Holy Bodies, Human Struggles: Obesity and the Black Church Experience




During a widely viewed New Year’s Eve service at New Birth Missionary Baptist Church, Pastor Jamal Bryant responded to public criticism of his wife’s attire worn at a high-profile gala that raised funds for Historically Black Colleges and Universities. While defending his wife, Bryant made a statement that sparked its own debate: he asserted that “out-of-shape preachers” often rail against women’s modesty while never preaching sermons on obesity or gluttony.

That statement resonated with many, not because it insulted clergy, but because it named a longstanding tension within Black church culture: the body is constantly talked about, but rarely holistically addressed.

The Black church has historically been a place of refuge, resilience, and restoration. It has also been a place where food is central, from repasts to fellowship halls, anniversaries to revivals. Meals signify love, community, and care. However, the cultural embrace of food has collided with systemic inequities that disproportionately affect Black communities: food deserts, economic stress, limited access to preventive healthcare, and chronic stress rooted in racism.

According to public health research, Black Americans experience higher rates of obesity than many other racial groups, not because of moral failure, but because of structural barriers. When those realities enter church spaces, they often meet silence.

Unlike modesty, which has long been framed as a moral issue, particularly for women, obesity is frequently treated as either:

  • a personal struggle best handled privately, or

  • a normalized condition so common it becomes invisible

Preaching on obesity risks confronting uncomfortable truths: pastoral health, church food culture, stress, depression, and trauma. It also risks alienating congregants in bodies that already face stigma in the world.

So instead, the church often speaks around the body rather than to it.

Bryant’s comment exposes a deeper contradiction: churches have historically felt comfortable policing how women’s bodies appear, yet far less comfortable addressing how bodies are cared for. Modesty sermons are common. Sermons on nutrition, movement, mental health, and rest are not.

The result is a theology that emphasizes appearance over wellness — visibility over vitality.

The Black church does not need body shaming.
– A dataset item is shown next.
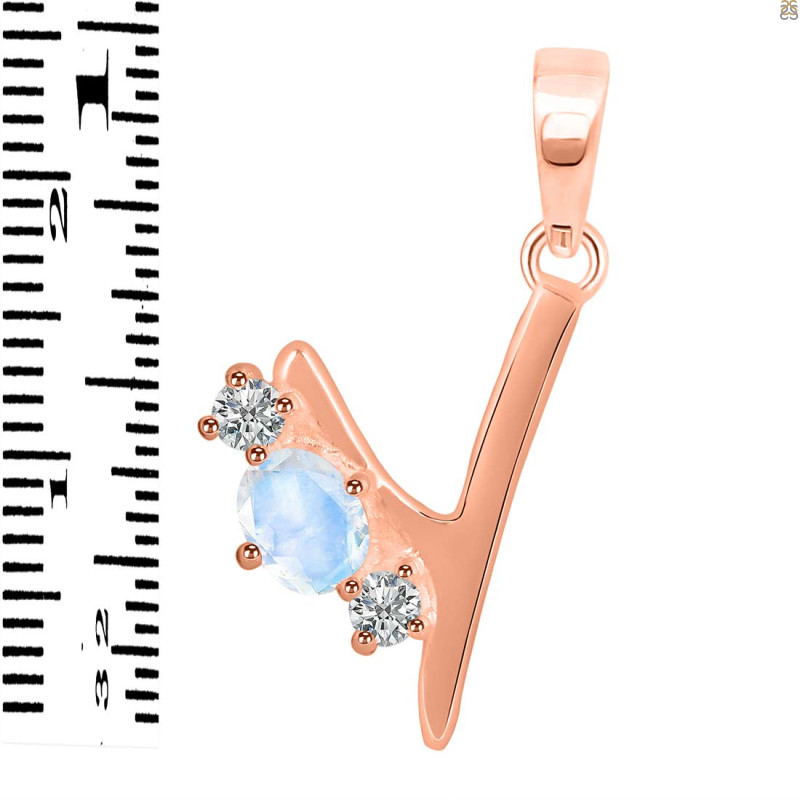 Moonstone & White Topaz Alphabet Y Pendant RBM-RDA-77.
It needs body honesty.

A faith tradition rooted in liberation should be capable of holding conversations about:

  • health without judgment

  • food without guilt

  • bodies without hierarchy

If the church can preach about stewardship of money, time, and talent, it can also preach about stewardship of the body, not as a moral weapon, but as an act of care.

Pastor Bryant’s remark, whether intentional or reactive, opens the door to a conversation long overdue: What does it truly mean to honor the body in spaces that claim to honor God?